[[ Provided material open ]]

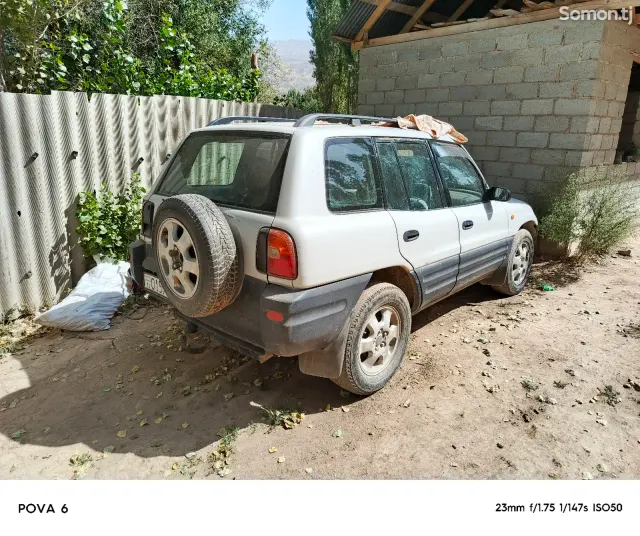 Toyota RAV 4 1995 · 2.4 AT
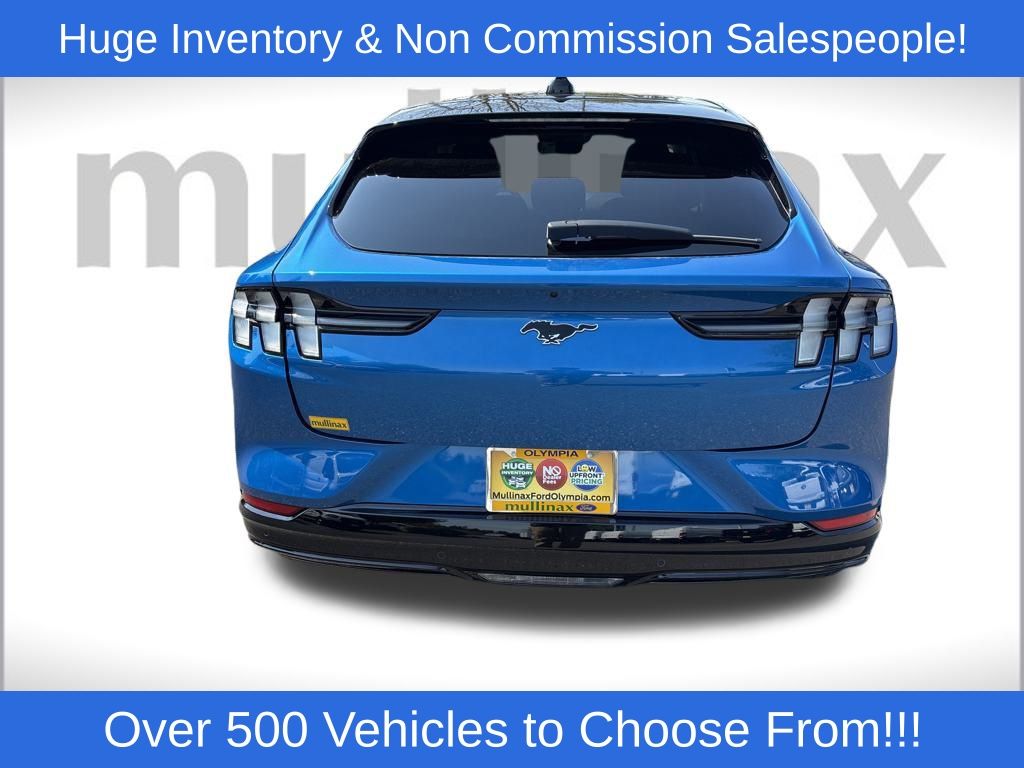 2025 Ford Mustang Mach-E Premium photo 4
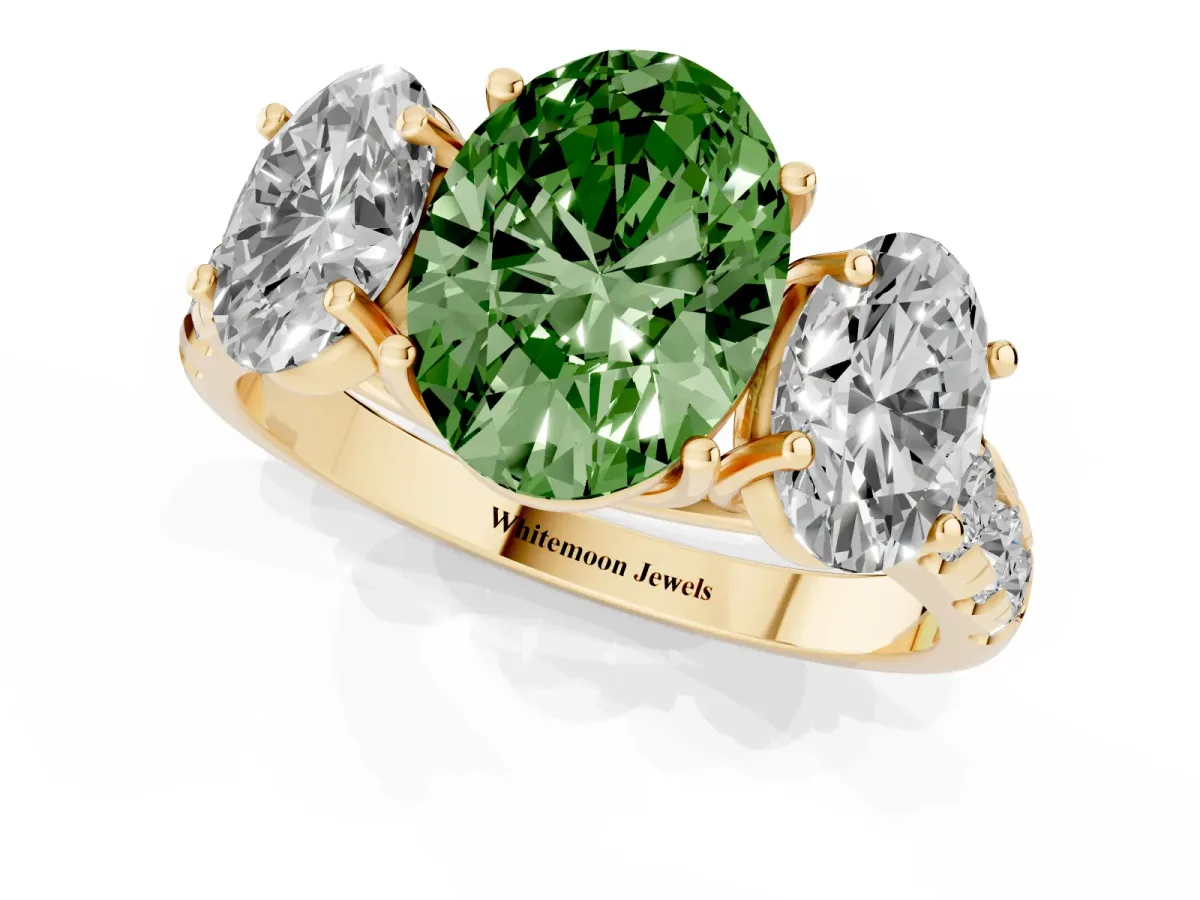 Fancy Green Three-Stone Oval Cut Diamond Pavé Band with Prong Setting Yellow gold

[[ Provided material closed ]]

### Try it:
Reproduce all of the material exactly, apart from the pictures.

### Solution for this task:
 Toyota RAV 4 1995 · 2.4 AT
 2025 Ford Mustang Mach-E Premium photo 4
 Fancy Green Three-Stone Oval Cut Diamond Pavé Band with Prong Setting Yellow gold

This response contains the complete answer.